1. A video processing method, comprising:

searching for a frame interval determining a current block in a current frame within a frame sequence, the frame interval indicating a set of frames in the frame sequence, the set of frames having co-located blocks of the current block that meet an error metric requirement as compared to the current block, the co-located blocks of the current block being the same size as the current block and the coordinates of the current block in the corresponding frame; the error metric requirements include a first requirement for error between the current block and each of the co-located blocks, and a second requirement for integrated error of a plurality of the co-located blocks and the current block;

Determining a replacement block based on the co-located blocks in the set of frames; and

Replacing the current block in the current frame with the replacement block;

wherein determining the frame interval of the current block in the current frame in the frame sequence comprises:

determining a starting frame before the current frame, wherein the starting frame and a co-located block of the current block in a frame between the starting frame and the current frame meet the error metric requirement compared with the current block;

and/or the number of the groups of groups,

and determining an end frame after the current frame, wherein the end frame and frames between the current frame and the end frame comprise co-located blocks of the current block, and the co-located blocks of the current block meet the error metric requirement compared with the current block.

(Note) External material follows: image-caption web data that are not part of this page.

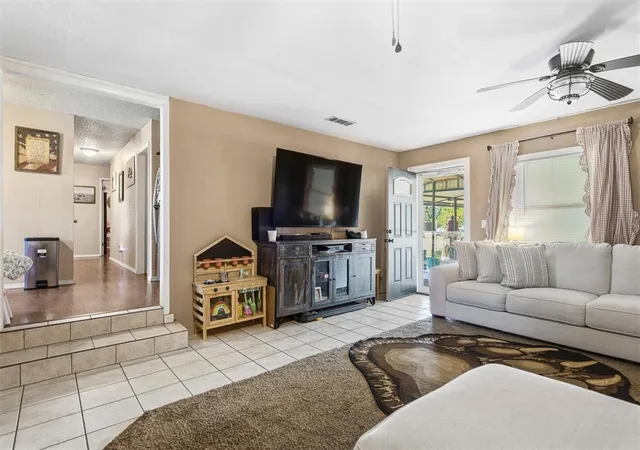 Photo 4 of Single family home for sale at 402 W A St, Ringling, OK 73456 | MLS# 1246288 | Listing updated on 2026-09-28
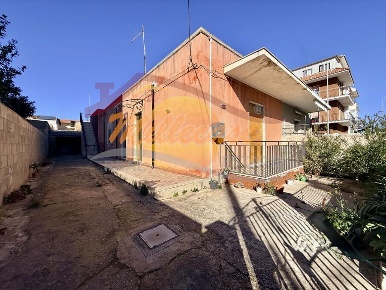 Foto Villa unifamiliare in VIA LUIGI MONTI, Siracusa Pizzuta di 128 m²
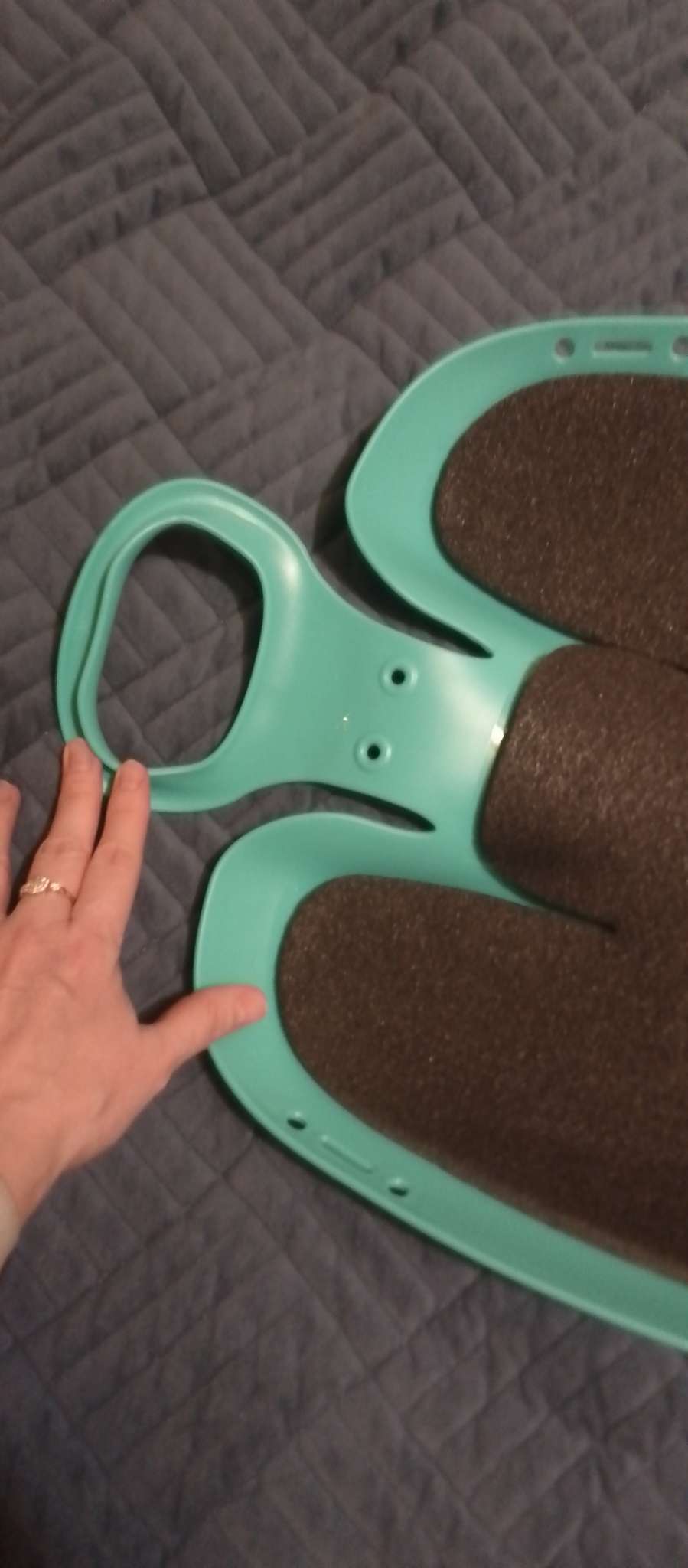 Фотография покупателя товара Санки-ледянки с мягкой сидушкой «Вираж», бирюзовые, 39×37 см - Фото 4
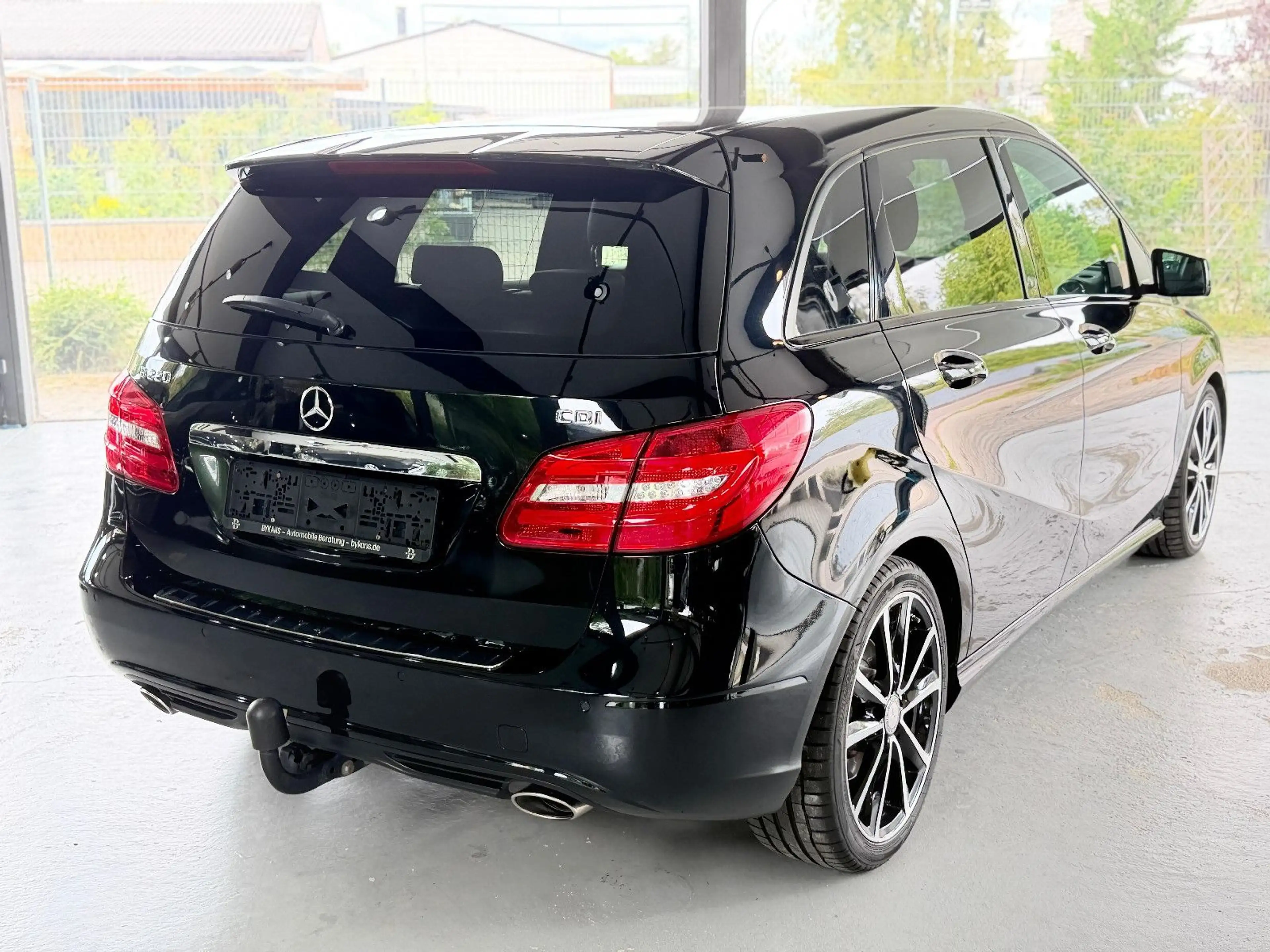Mercedes-Benz B 220 B220 CDI/d PANO/AHK/TOT/LEDER/KAMERA/NIGHT/ — photo 6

2. The method as recited in claim 1, further comprising:

the current block is divided into smaller blocks in response to the frame interval being less than a predetermined threshold, and a size of the smaller blocks meets a size requirement.

3. The method as recited in claim 1, further comprising:

dividing the current frame into maximum blocks meeting the maximum size requirement; and

Each of the maximum blocks is recursively partitioned based on a frame interval requirement and a minimum size requirement.

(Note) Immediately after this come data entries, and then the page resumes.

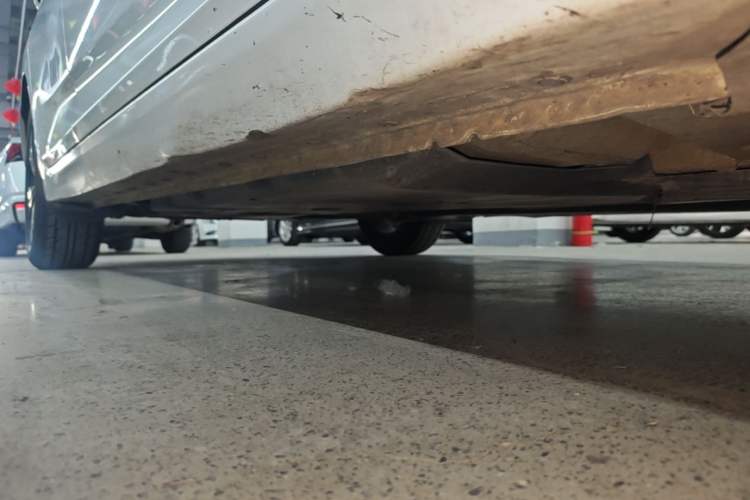 Used Nissan Sylphy 2023 1.6L CVT Enjoyment Edition Right Side Sill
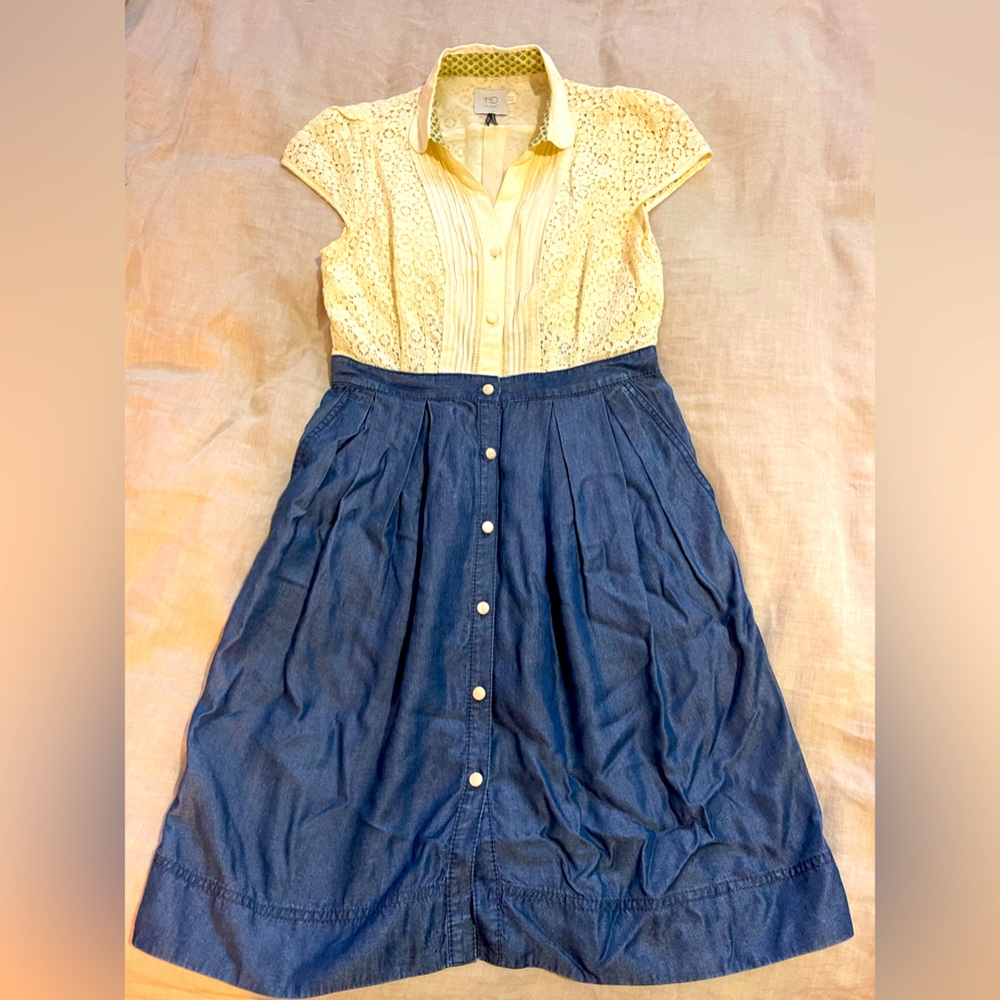 Beautiful HD dress from Anthropologie. Pockets! Size 4.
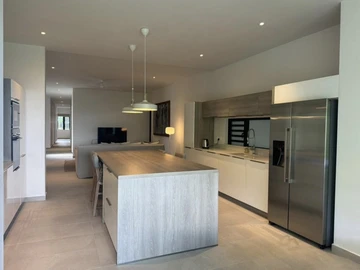 4 Bedroom Apartment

4. The method as recited in claim 1, further comprising:

dividing the current frame into minimum blocks meeting the minimum size requirement; and

And recursively merging the adjacent minimum blocks based on the frame interval requirement and the maximum size requirement.

5. The method of claim 1, wherein the error is calculated as at least one of a sum of absolute differences, a mean square error, and a pixel weighted difference.

6. The method according to any one of claims 1-5, wherein determining a replacement block comprises:

the co-located block is filtered to determine the replacement block.

7. The method of claim 6, wherein filtering the parity block comprises:

the co-located block is filtered using at least one of a mean filter, a median filter, and a gaussian filter.

8. A video processing apparatus, comprising:

a first determining module configured to search for and determine a frame interval of a current block in a current frame within a frame sequence, the frame interval indicating a group of frames in the frame sequence, the group of frames having co-located blocks of the current block that meet an error metric requirement as compared to the current block, the co-located blocks of the current block being the same size as the current block and the coordinates of the current block in the corresponding frame; the error metric requirements include a first requirement for error between the current block and each of the co-located blocks, and a second requirement for integrated error of a plurality of the co-located blocks and the current block;

A replacement module for replacing the current block in the current frame with the replacement block;

wherein the first determining module determines a frame interval of a current block in a current frame in the frame sequence, comprising:

and/or the number of the groups of groups,

9. A video processing apparatus, comprising: a processor and a memory having stored therein computer readable instructions executable by the processor to implement the method according to claims 1-7.

10. A computer storage medium storing computer readable instructions executable by at least one processor to implement the method according to claims 1-7.